# Does the stock Jetta stereo have RCA connections?



## rittali (May 3, 2002)

I want to install a Bazooka bass tube but it connects with RCA plugs. Does anyone have pointers or instructions on how to remove the stereo?


----------



## user name unknown (Sep 2, 2001)

*Re: Does the stock Jetta stereo have RCA connections? (rittali)*

Nope...
You will have to splice a "line out converter" into the wires that connect into the Monsoon amp...


----------



## rittali (May 3, 2002)

*Re: Does the stock Jetta stereo have RCA connections? (user name unknown)*

I don't have a monsoon system..at least I don't think I do...it's the regular stereo system...do I still need the line out converter?


----------



## user name unknown (Sep 2, 2001)

*Re: Does the stock Jetta stereo have RCA connections? (rittali)*

no matter if you do or don't have a Monsoon system...you still need to go with the line out converter...it is very easy to hook up


----------



## rittali (May 3, 2002)

*Re: Does the stock Jetta stereo have RCA connections? (user name unknown)*

thanks for the help....I will basically be hooking up the subwoofer to the line out converter and then the line out converter to the amp right? Where is the stock amp?

tia


----------



## MojoMan (May 8, 2000)

*Re: Does the stock Jetta stereo have RCA connections? (rittali)*

rittali,
Actually, if you do not have Monsoon, there *is* a way to get RCA line-level outputs from your stock head unit. You would need to get a Blaupunkt F00E500014 line-out adapter (these cost about $6-7):
http://www.continentalimports.com/f00e500014.html 
This plugs into the back of your head unit (or, alternatively, you can remove the pins from this connector and insert them into an existing, empty, connector on the back of the head unit). Here is a different view of the Blaupunkt adapter:
http://www.exelaris.com/ttaudio/blau_adapter.jpg 
On the pictures in the links above, you can see a blue wire along with the RCA leads. This is the remote amp turn-on lead, which you might need to run back to your Bazooka to tell it when to turn on & when to turn off (I don't have a Bazooka and don't know whether it turns on & off by sensing voltage in the speaker wires or whether it needs a separate turn-on lead).
Here are some pictures of someone modifying the Blaupunkt adapter to integrate the wires into the connector on the back of an Audi head unit (which is essentially the same head unit as the single-DIN head unit in late-model VWs) to send signals to an external amplifier:
http://www.exelaris.com/ttaudio/TT_Audio_Receiver.html 
Regarding how to remove the head unit: It's very easy.

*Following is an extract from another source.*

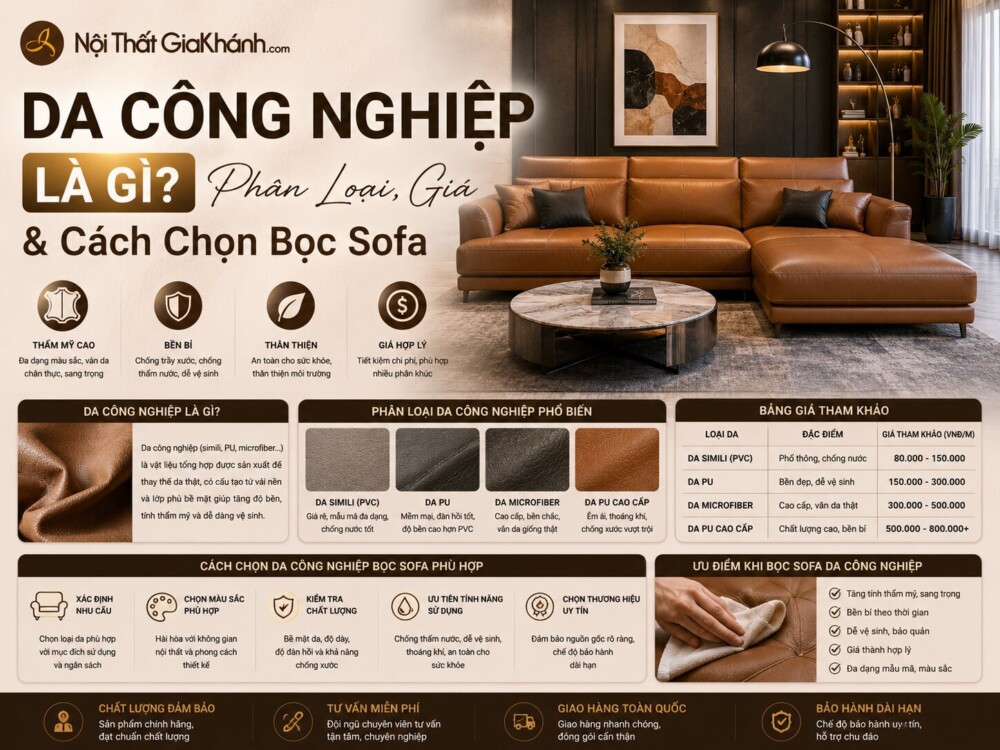 Da Công Nghiệp Là Gì? Phân Loại, Giá & Cách Chọn Bọc Sofa 2026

You find the vertical slots on the left and right side of the head unit, cut an old credit card into 2 strips which fit into those slots. Then push the strips of credit card into the slots until you feel them push something out of the way (they are pushing clips out of locking slots, enabling you to then grasp the head unit and pull it out). I haven't done this myself, so I will let someone else give you more details.
As far as "Where is the stock amp?" goes, the Monsoon has an external amp. The non-Monsoon VW stereo does not have an external amp - the only amplification you get is what's in the head unit itself. If you did have Monsoon, you would find the amp in the trunk hanging under the rear shelf, ahead of the trunklid.
This isn't much info, but hopefully it is enough to get you going...
Good luck!
Brian


----------



## TDI Zach (Jan 25, 2002)

*Re: Does the stock Jetta stereo have RCA connections? (MojoMan)*

quote:[HR][/HR]rittali,
Actually, if you do not have Monsoon, there *is* a way to get RCA line-level outputs from your stock head unit. You would need to get a Blaupunkt F00E500014 line-out adapter (these cost about $6-7):
http://www.continentalimports.com/f00e500014.html [HR][/HR]​This adapter looks like it doesn't actually convert a high level signal to low level .... it's just the rca plugs..... 
So does this use a low level output from the head unit?
Is anyone running this setup? And, how does it compare to using an amp with a high-level in?
I'm very interested, because when I finally upgrade the stereo, I want to keep the stock HU and CD changer.... I'd like to add a stealthbox and good set of componenets along with a clean amp.
Yes, i know that everyone thinks the stock HU sounds crappy, and I agree for FM radio, but it sounds fine to me for CD playback, which is what I listen to most. If I listen to radio, it's AM talk radio.


----------



## BK Industries (Oct 21, 2000)

*Re: Does the stock Jetta stereo have RCA connections? (TDI Zach)*

I have the Blaupunkt converters that plug right into the rear of 1999-2001 Premium IV VW HUs. See my signature for details


----------



## MojoMan (May 8, 2000)

*Re: Does the stock Jetta stereo have RCA connections? (TDI Zach)*

"This adapter looks like it doesn't actually convert a high level signal to low level .... it's just the rca plugs..... 
"So does this use a low level output from the head unit?"
Yes, the Blaupunkt adapter I quoted above plugs into low-level outputs from the head unit. That is why you do not need any electronics to convert the signal from speaker-level to low-level. Sorry for not making that clear in my post above.
Note: This only works for non-Monsoon systems!
regards,
Brian


----------



## TDI Zach (Jan 25, 2002)

*Re: Does the stock Jetta stereo have RCA connections? (MojoMan)*

quote:[HR][/HR]
Yes, the Blaupunkt adapter I quoted above plugs into low-level outputs from the head unit. That is why you do not need any electronics to convert the signal from speaker-level to low-level. Sorry for not making that clear in my post above.
Note: This only works for non-Monsoon systems![HR][/HR]​Great ! Thanks, that's what I needed to know ..... not replacing the HU and changer means more $$$ on good speakers and a nice amp without having to use a converter.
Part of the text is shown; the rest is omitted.